Open soetang opened 3 weeks ago
One encoding-specific set of changes that made it into 1.5.0 was #531, and they look like they're likely the culprit. @shrektan, any thoughts on which connection parameters should folks now set to see the correct behavior? Or is this unexpected?
Hi there.
While waiting for @shrektan to chime in. I am unable to replicate the failure with your second example on my setup. Can you think of how your and my setups are different?
> df <- data.frame(
var_char_col = c('kanin', 'ræven', 'ålens', 'ørred'),
bøvs = 1
)
> df
var_char_col bøvs
1 kanin 1
2 ræven 1
3 ålens 1
4 ørred 1
> DBI::dbWriteTable(conn, name = "#deleteme", df, field.types = c('var_char_col' = 'varchar(5)'), overwrite = TRUE)

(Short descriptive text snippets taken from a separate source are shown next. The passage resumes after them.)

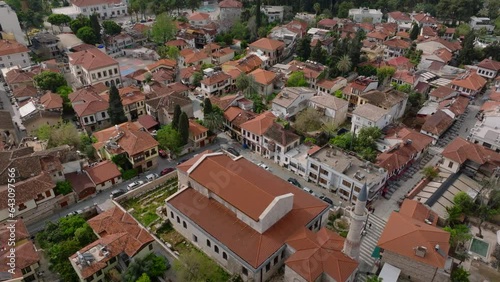 High angle view of Sehzade Korkut Mosque. Muslim building with minaret surrounded by houses in residential area. Antalya, Turkey photo
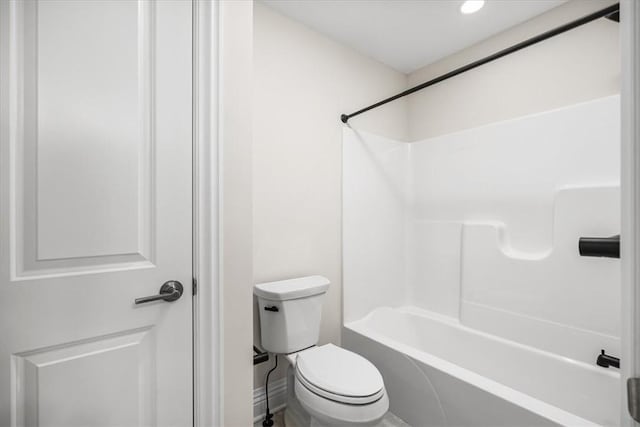 bathroom with toilet and bathtub / shower combination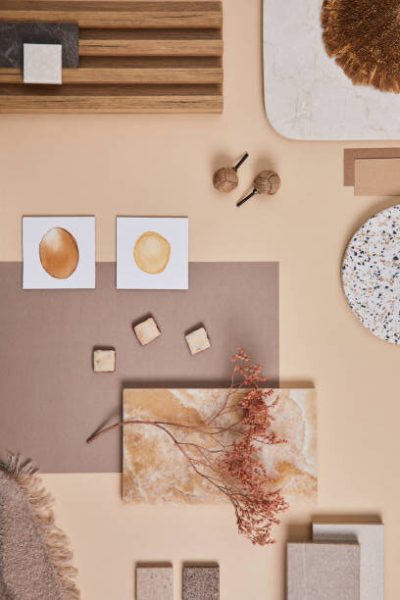 Flat lay of stylish architect moodboard composition with beige samples of textile, paint, wooden lamella panels and tiles. Top view. Copy space. Template.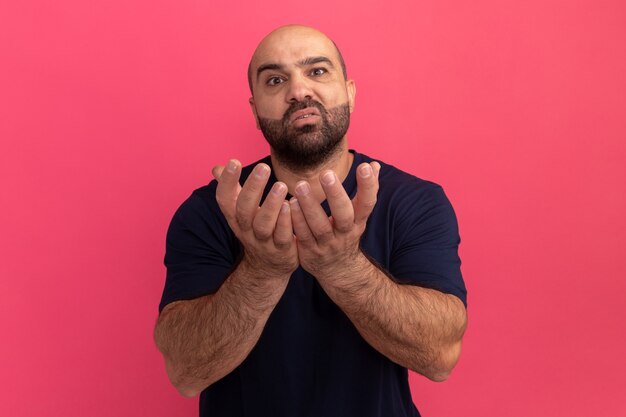 Homme barbu en t-shirt bleu marine avec les bras levés la mendicité avec une expression d'espoir debout sur un mur rose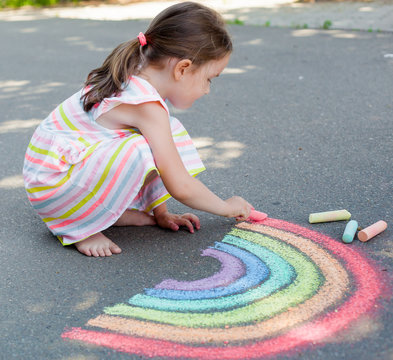 the child girl draws a rainbow with colored chalk on the asphalt. Child drawings paintings concept. Education and arts, be creative when back to school 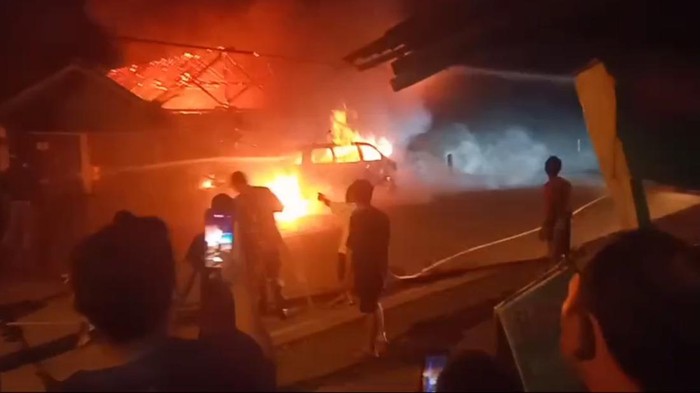 Petugas berusaha memadamkan api yang membakar mobil dan rumah warga di tepi jalan nasional, Kecamatan Tambak, Kabupaten Banyumas, Selasa (14/5/2024) malam.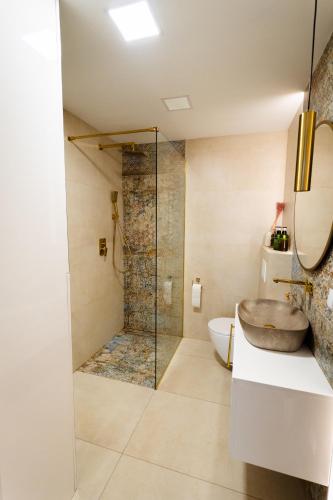 a bathroom with a sink and a shower at SoboLove in Sobolów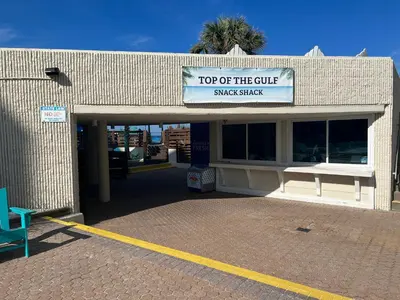 a building with a sign that reads top of the cure snack shack at Seaview Studio at Top of the Gulf #823 by Nautical Properties in Panama City Beach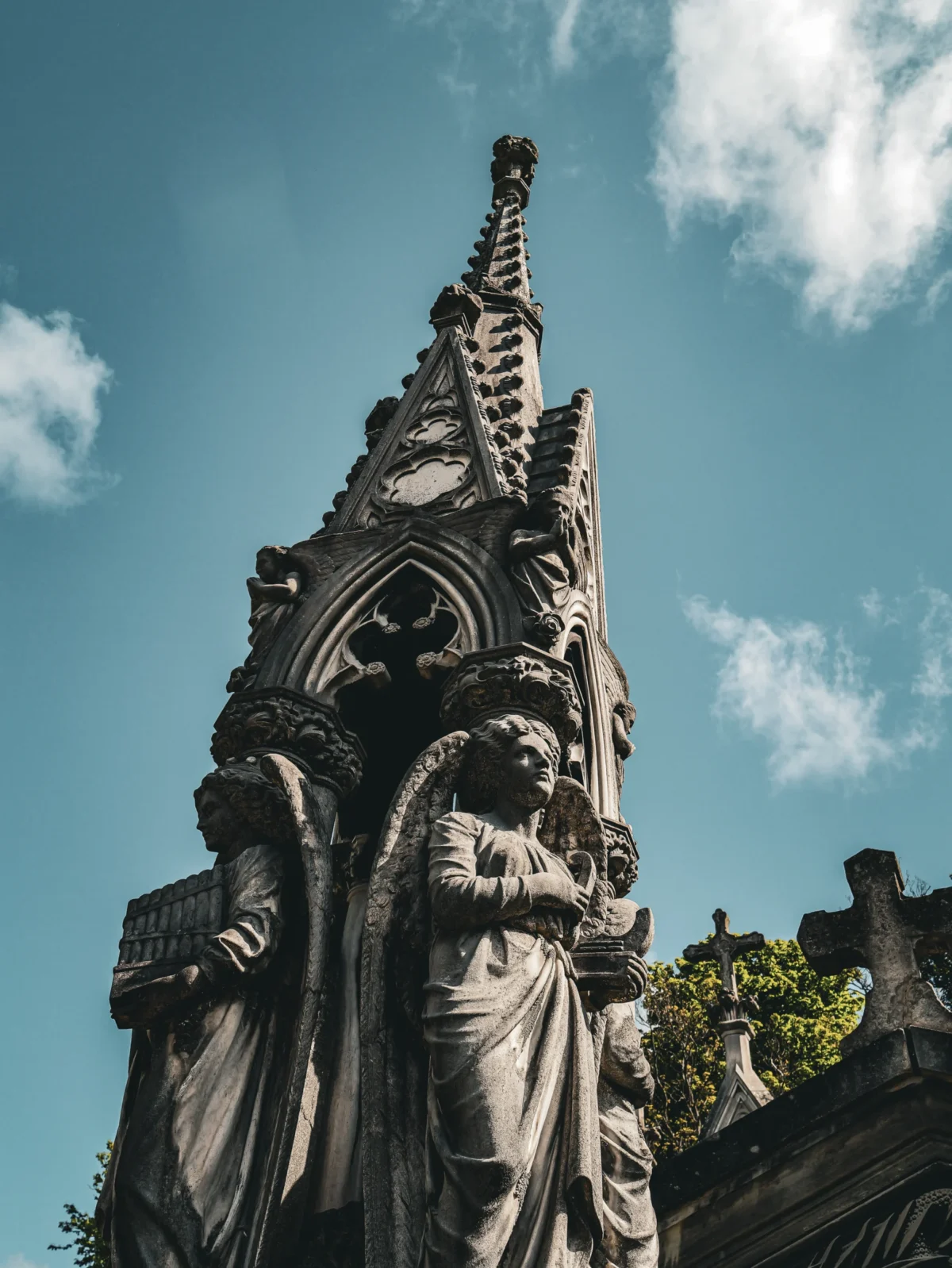 Laurent · 2160 x 2877 Cette photographie met en scène une **statue gothique** détaillée, probablement un ange ou une figure religieuse, intégrée à une structure architecturale ornée.La **composition** est verticale, avec un **cadrage serré** sur le haut de la sculpture, accentuant son élévation. La **lumière naturelle**, douce et contrastée, souligne les textures et les ombres, créant un effet dramatique. Les **couleurs dominantes** sont les gris et noirs de la pierre, rehaussés par le bleu clair du ciel.Le **style** est **gothique**, avec des motifs complexes et une ambiance **mystérieuse et solennelle**, renforcée par l'arrière-plan flou et les nuages.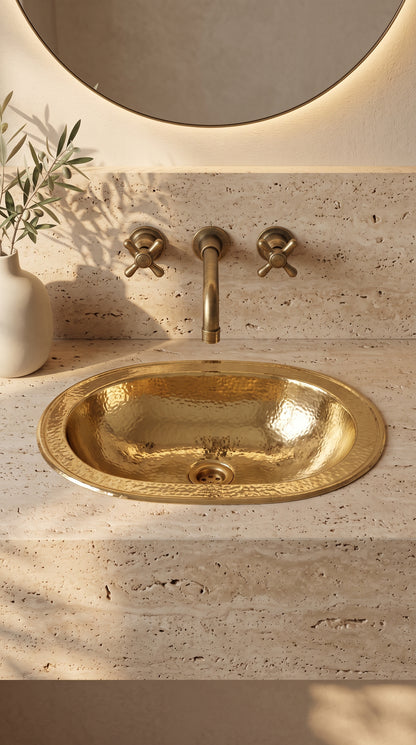 Oval hammered brass sink in a beige travertine vanity beneath a wall-mounted brass faucet and round backlit mirror, beside olive branches.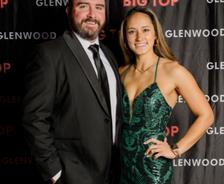 A man in a suit and a woman in a green dress pose together at an event with a "Glenwood Big Top" backdrop.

> DBI::dbReadTable(conn, name = "#deleteme")
var_char_col bøvs
1 kanin 1
2 ræven 1
3 ålens 1
4 ørred 1
> conn@encoding
[1] ""
> conn@info
...
$dbms.name
[1] "Microsoft SQL Server"
$db.version
[1] "15.00.4249"
...
$drivername
[1] "libmsodbcsql-17.10.so.6.1"
...
$driver.version
[1] "17.10.0006"
> sessionInfo()$otherPkgs$odbc$Version
[1] "1.5.0.9000"
> sessionInfo()$R.version[c("platform", "arch", "version.string")]
$platform
[1] "x86_64-pc-linux-gnu"
$arch
[1] "x86_64"
$version.string
[1] "R version 4.2.1 (2022-06-23)"
Completely shooting off the hip - are you working against an older version of SQL Server? I think the ability to store UTF-8 encoded characters in VARCHAR
columns is only supported starting with SQL Server 2019. If your version is older, and you are not specifying an encoding
to the connection
argument ( as in your second example ), I suspect you would have success declaring the column NVARCHAR
. Only guessing at this point, however.
Need to think how this changed between 1.4.2 and 1.5.0, and how/why your first example worked then and no longer works today.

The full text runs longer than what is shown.